Data records

* * * * * * *

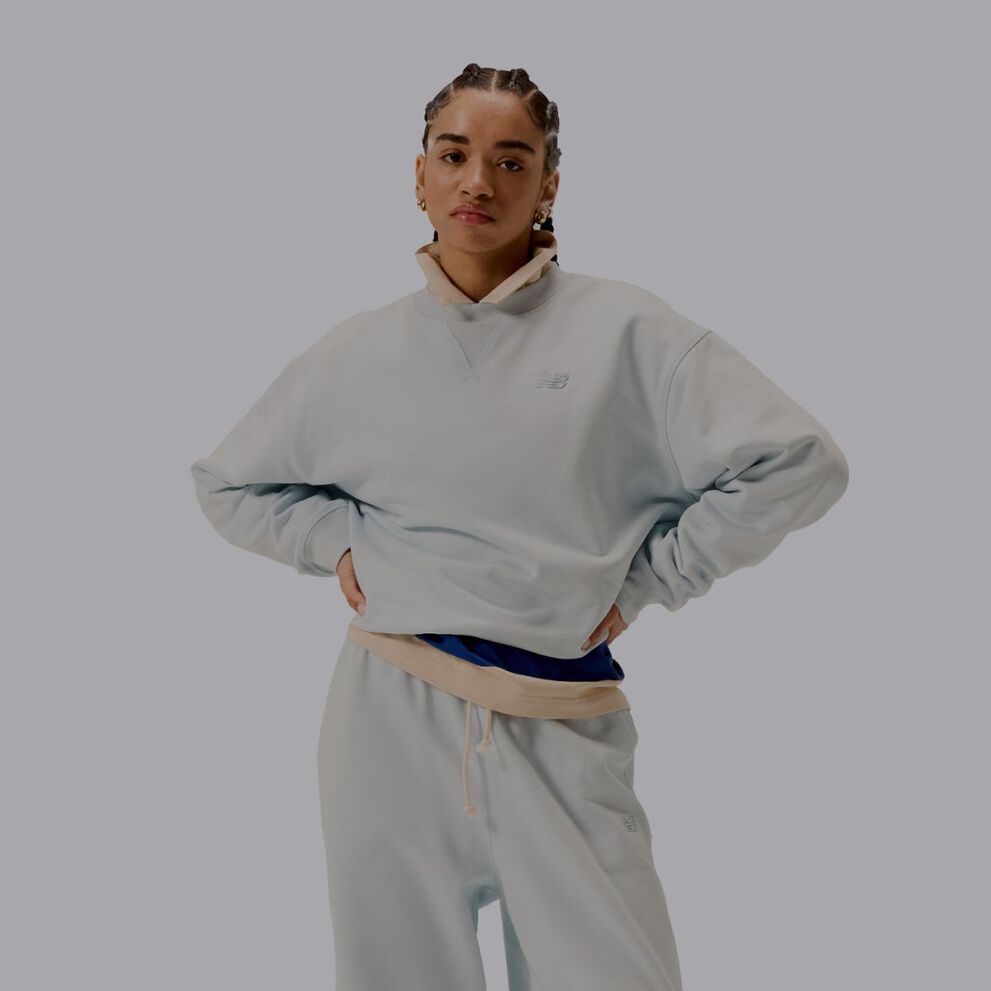 A woman wearing a grey matching set of New Balance clothes.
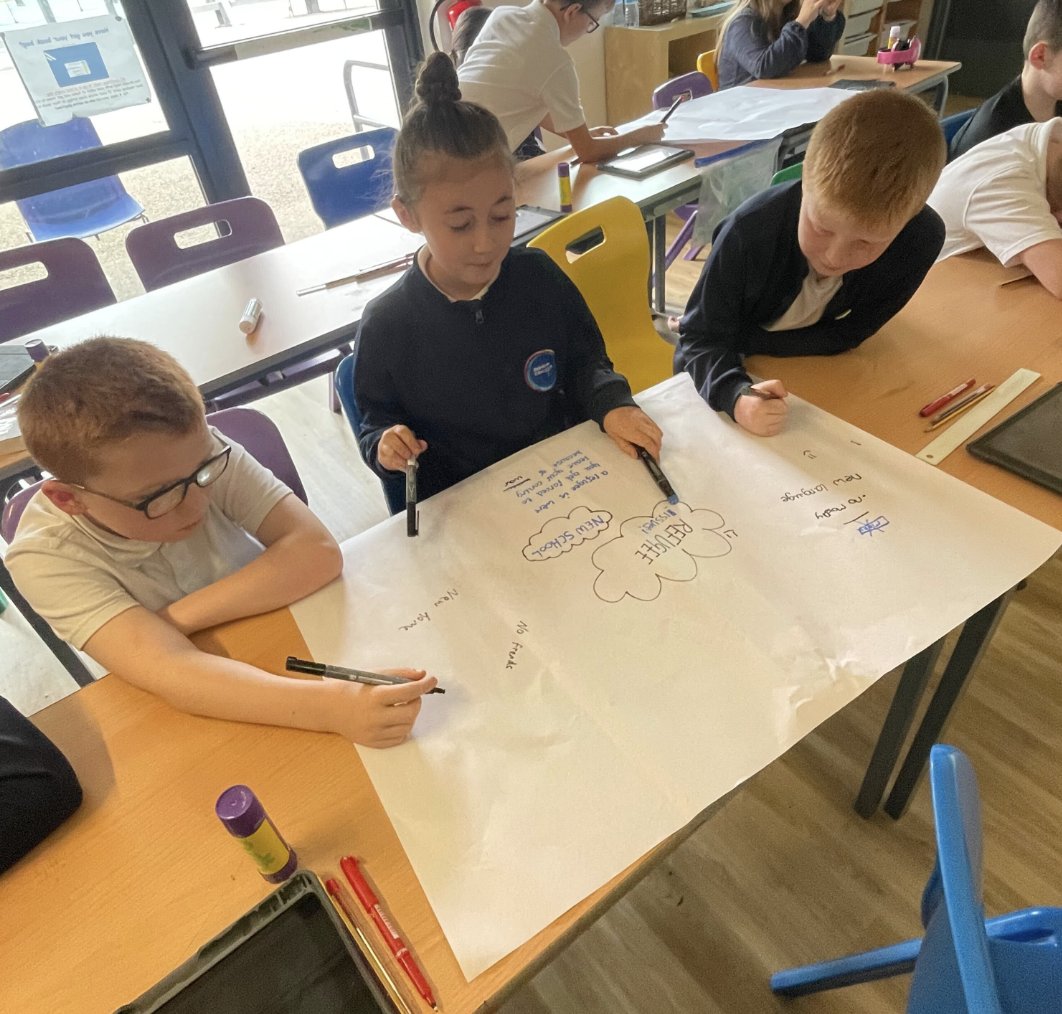Year5CCPS's tweet photo. This week, we have started our new persuasive speech unit. We read a story about the experiences of refugees and carried out research. We created mind maps and presented them to each other. https://t.co/Q7J8SqEcTA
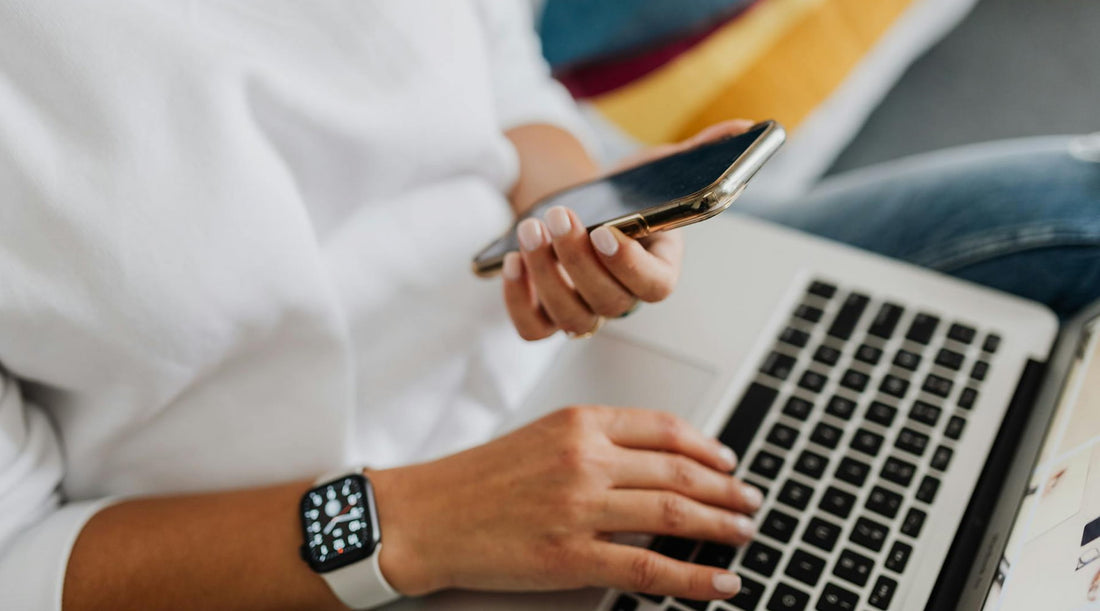 Person holding a smartphone, using a laptop, and wearing a smartwatch symbolizing posture-monitoring technology.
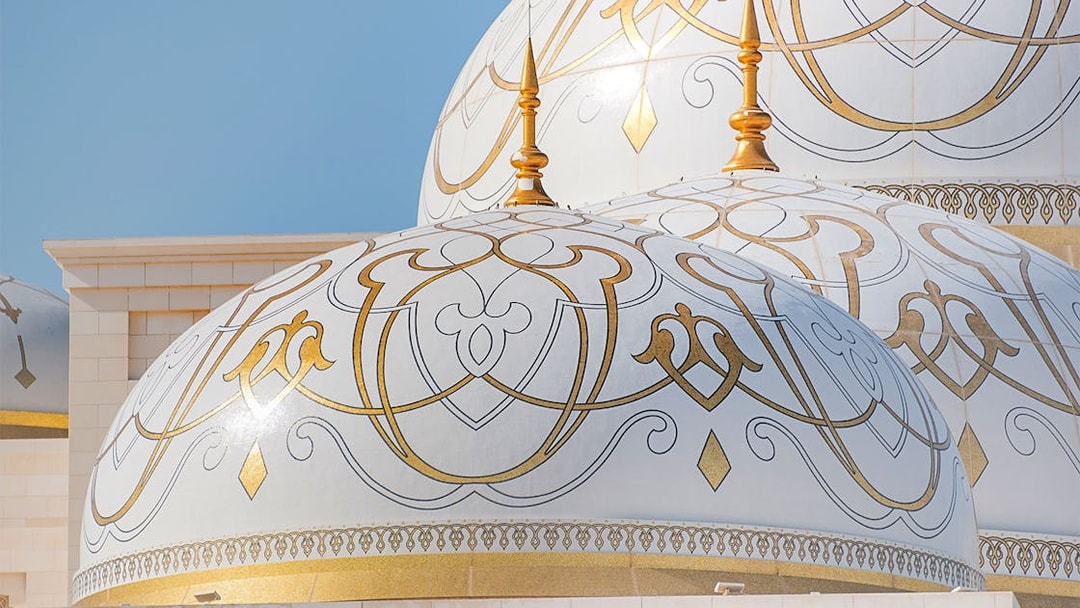 Ornate domes of Qasr Al Watan in Abu Dhabi with intricate gold patterns.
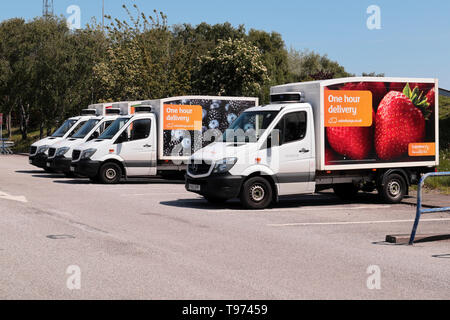 Una linea di quattro Sainsburys Home furgoni parcheggiati in negozio di parcheggio auto. Foto Stock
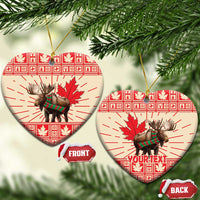 Heart-shaped ceramic moose ornament set with red maple leaf print, gold hanging string, front/back tags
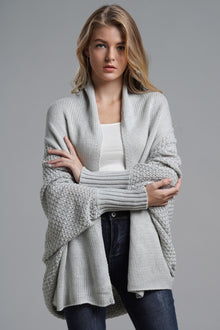 Model wearing a light grey dolman sleeve open front ribbed cardigan, styled with a white tank and jeans.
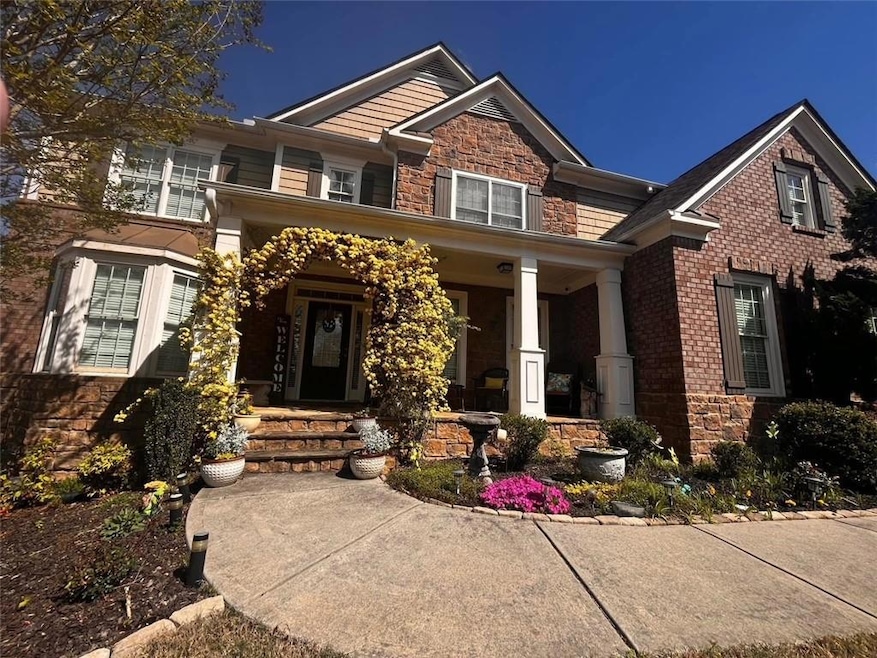 Home featuring stone and brick siding with covered porch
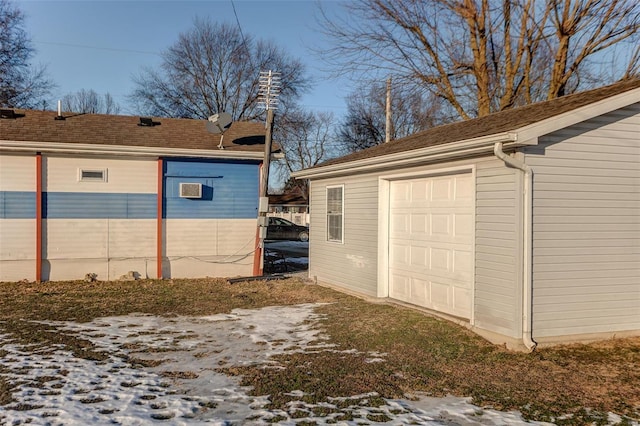 view of snowy exterior with a garage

* * * * * * *

Problem to solve
Nothing but an exact copy of the data above, minus its pictures, should appear in the response.

Reply to the exercise
 A woman wearing a grey matching set of New Balance clothes.
Year5CCPS's tweet photo. This week, we have started our new persuasive speech unit. We read a story about the experiences of refugees and carried out research. We created mind maps and presented them to each other. https://t.co/Q7J8SqEcTA
 Person holding a smartphone, using a laptop, and wearing a smartwatch symbolizing posture-monitoring technology.
 Ornate domes of Qasr Al Watan in Abu Dhabi with intricate gold patterns.
 Una linea di quattro Sainsburys Home furgoni parcheggiati in negozio di parcheggio auto. Foto Stock
 Heart-shaped ceramic moose ornament set with red maple leaf print, gold hanging string, front/back tags
 Model wearing a light grey dolman sleeve open front ribbed cardigan, styled with a white tank and jeans.
 Home featuring stone and brick siding with covered porch
 view of snowy exterior with a garage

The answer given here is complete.